In an August 2008 report, third-party research firm QSM Associates (QSMA) assessed the performance of 29 Agile development projects against a database of 7,500 primarily traditional development projects in three key areas: productivity, time-to-market and quality. The results were that Agile teams were 37% faster to market and 16% more productive.
This webinar not only provides metrics from Agile organizations versus their waterfall counterparts, it also offers up a framework for measuring your own Agile initiatives.
What are the primary success factors that seem evident among the best-in-class Agile projects?
Michael Mah response:
In a nutshell, I’d say it’s taking domain knowledge and moving it around very quickly. Some of the best-in-class companies like BMC and HomeAway retain their knowledge versus off-shoring work, which actually divests your sales and your company of knowledge. Some of the best Agile companies move information very rapidly through very short feedback loops. The poison in long feedback loops are the defects and the slipped schedules on plan-based or Waterfall projects that execute poorly when it comes to communicating. Domain knowledge and Dialog; I’ve used those two Ds comprehensively in many of the papers I’ve written. It seems that Rally facilitates in maximizing that dialog by moving that domain knowledge around to the team very rapidly.
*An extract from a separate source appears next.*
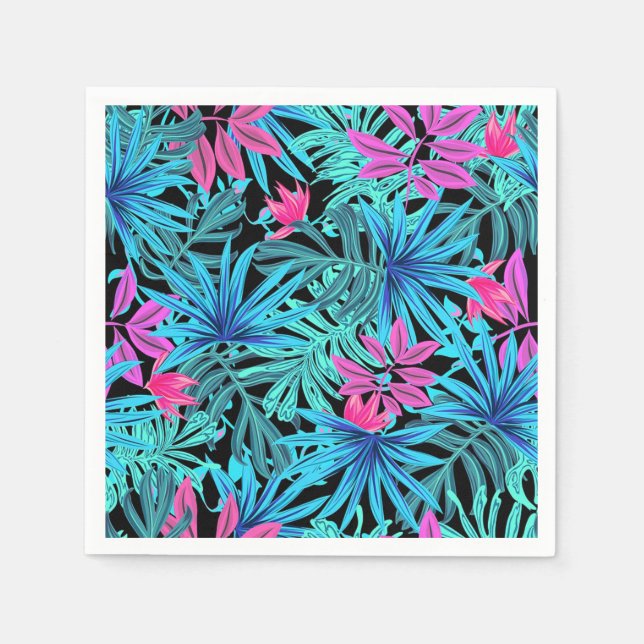 Serviette En Papier Feuilles Tropicales (Devant)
How do you know when you are Agile or Agile “enough”?
Evan Campbell response:
That’s a great question. As Jack said, it’s great to start off with teams who are young using Agile pretty much by the book to get them patterned before they start customizing. We have a complete Agile maturity model, we call it Flow, Pull, Innovate and it’s based on advancing levels of maturity according to Lean principles. I’d encourage you to come onto Rally’s website and look at our Flow Pull Innovate maturity model. We engage with teams who are implementing Agile by getting them started in waves and then coming back later to improve their maturity and move them up the continuum. And we recommend that they achieve maturity, then impose scale. So get good, and then get big.
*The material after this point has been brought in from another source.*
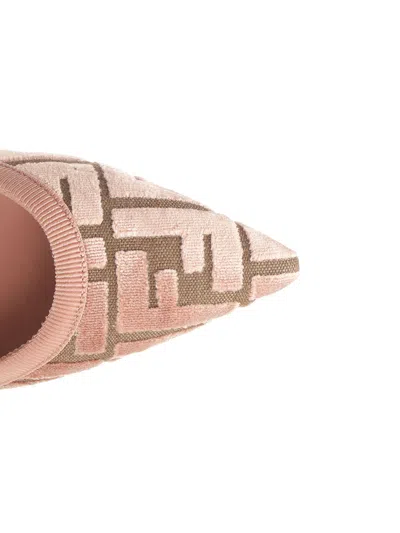 Fendi Pointed Toe Strappy Kitten Heel Pumps In Pink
Can big old Waterfall products we’ve been developing and enhancing for years become Agile?
Evan Campbell response:
Yes, absolutely, in fact, the vast majority of customers that we work with are continuing to develop legacy or ongoing products while we’re working with them. They can’t stop running their business while they’re becoming Agile; they still need to deliver features and they’ve got huge investments in some of these products that they’ve been developing for years. But recognize, if you have one million lines of legacy code with no unit tests that’s really fragile and hard to get a clean build, then that’s going to impose drag on your ability to shorten cycle times and do quick, iterative releases. Sometimes there is some debt building scaffolding and better integrity into these assets over a period of time to really let the team get up to full velocity.
Michael, can you talk a little more about the history of SLIM and the QSM database?
Michael Mah response:
The database comes from two sources: our consulting and research, and also from companies implementing measurement using SLIM in their own organizations. Then the date is pulled together. It’s the wisdom of crowds. We collectively see across all industries how projects behave in terms of time to market, quality, effort and productivity. And then what we’re able to do is then load in these behavior dynamics with Agile, Waterfall or ERP or what have you into open algorithms within the SLIM model so we can actually forecast and predict releases to make technical and strategic decisions. When you are looking at projects that can overrun by anywhere from several thousand to several million dollars, this is real money on the table and we can’t afford this in turbulent economic times. So our idea is that we need to bring the power of all of this collective wisdom to make good decisions. That is what SLIM is and what the industry database is.